Bend Bulletin - No evidence of mass die-off from reduced water levels in Crooked River, biologist says

December 26, 2022
Bend Bulletin - No evidence of mass die-off from reduced water levels in Crooked River, biologist says

Fish stranded in the Crooked River during a reduction in water flow in September were easy meals for predators, but concerns that a mass fish die-off would occur were not observed. Those were some of the results of a study conducted by the Oregon Department of Fish and Wildlife.

In September, the flow of water into the Crooked River from Bowman Dam was cranked down to a fraction of normal due to drought and extremely low water levels in Prineville Reservoir. Now that the flows have returned to their normal winter levels officials have a chance to take stock of the incident’s impact.The reduced flow of the river threatened fish and other aquatic species that often succumb to sudden changes in water level due to stress and loss of habitat. Oregon Department of Fish and Wildlife temporarily closed the fishery to protect what remained of the river. It also sampled water quality and surveyed fish numbers before and after the water reduction period.

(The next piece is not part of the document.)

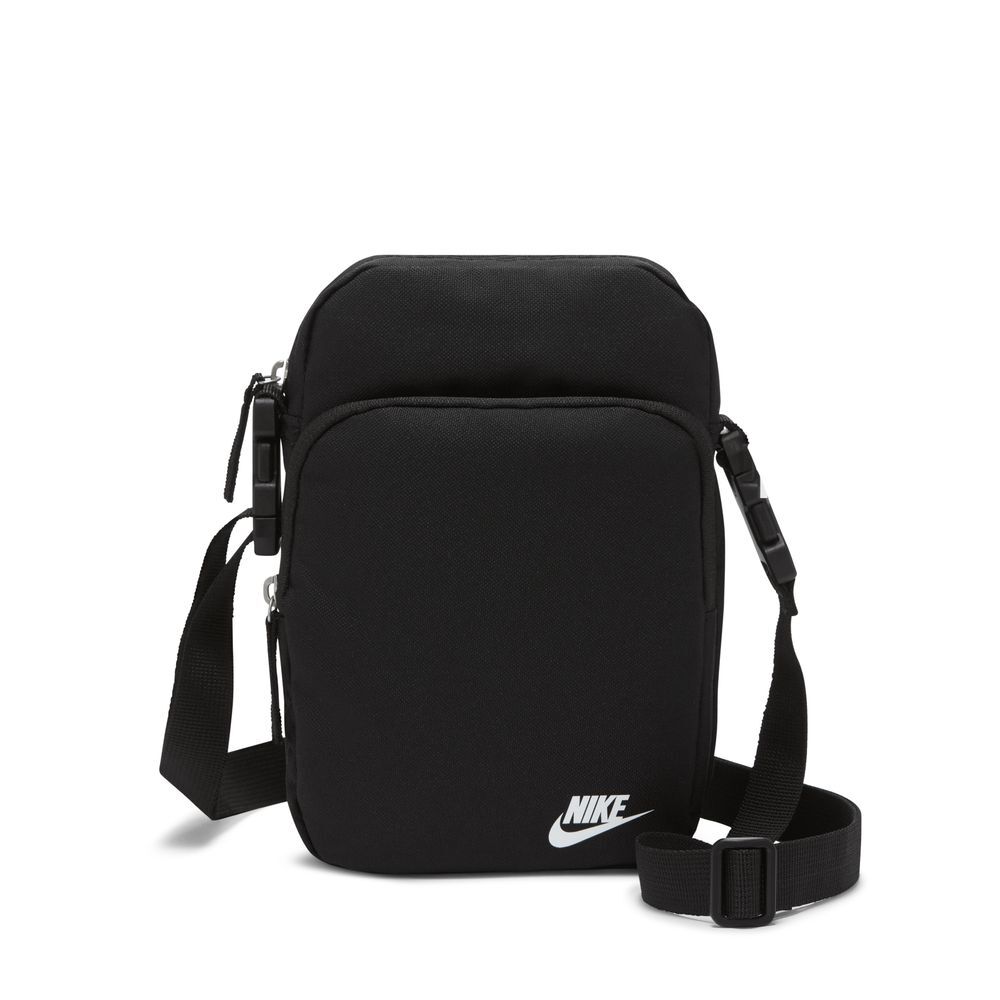 NK HERITAGE CROSSBODY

Jerry George, district fish biologist with ODFW, described the incident as an unfortunate circumstance and said the department does not take the stressful and lethal conditions in the river lightly.

“Following a water availability shortage and a curtailed irrigation season, the Crooked River downstream of Bowman Dam experienced six weeks of unprecedented low fall stream flows,” said George.

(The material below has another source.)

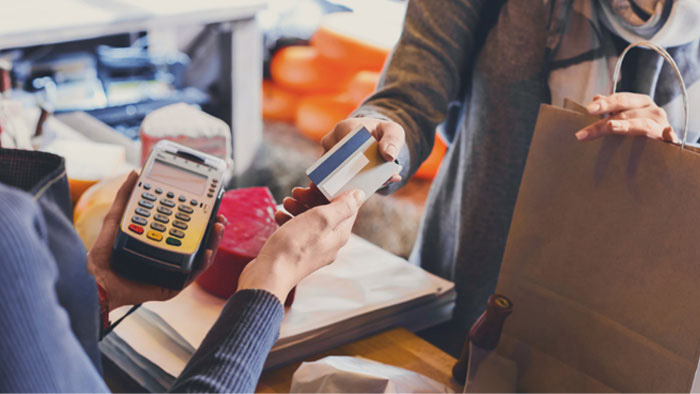 mansion88·明升(中国集团)官方网站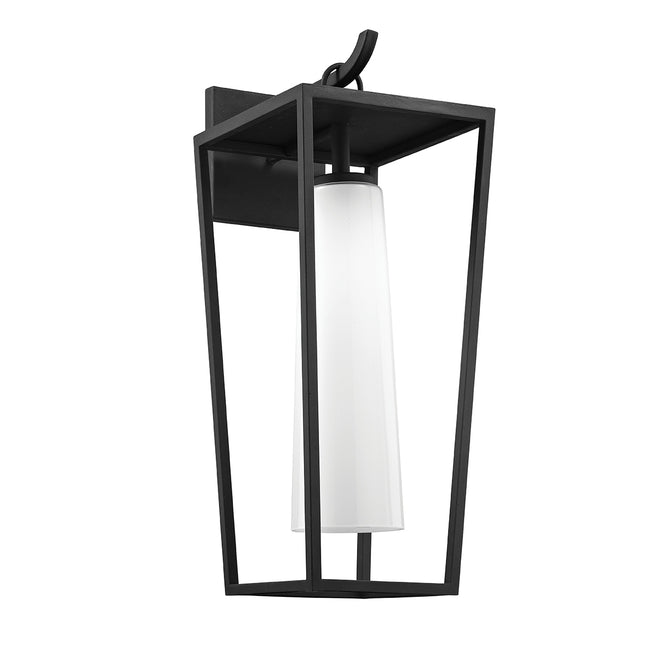 Troy Lighting-B6353-TBK|MAIN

Ahead of the water drawdown, which took levels from 175 cubic feet per second down to 10 cfs in just a few days, ODFW closed the recreational fishery from Bowman Dam to the U.S. Highway 97 bridge near Terrebonne.

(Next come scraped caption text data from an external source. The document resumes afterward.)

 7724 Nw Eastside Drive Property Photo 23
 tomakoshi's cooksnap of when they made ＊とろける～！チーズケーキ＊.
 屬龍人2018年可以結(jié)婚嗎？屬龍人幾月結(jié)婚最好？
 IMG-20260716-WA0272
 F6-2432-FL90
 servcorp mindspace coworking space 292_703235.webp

As an added precaution, the fishery in the Ochoco Creek was closed from Ochoco Dam to its confluence with the Crooked River from mid-September to the end of October.

During weeks of reduced water flow, ODFW observed challenging conditions for fish and barriers to fish passage in the stream channel area. In some locations, the channel width had shrunk 80-90%. ODFW observed that this resulted in large areas of macroinvertebrate mortality and drying of aquatic vegetation.Despite the challenging conditions, no mass fish die-offs were documented or reported by the public. However, George reported a decrease in the number of dead mountain whitefish and redband trout. This mainly occurred following the initial reduction in water, which stranded fish in some locations.Raccoons, otters, and other predators were reportedly very active when water levels were reduced, using the opportunity to make an easy meal of the stranded fish and crayfish.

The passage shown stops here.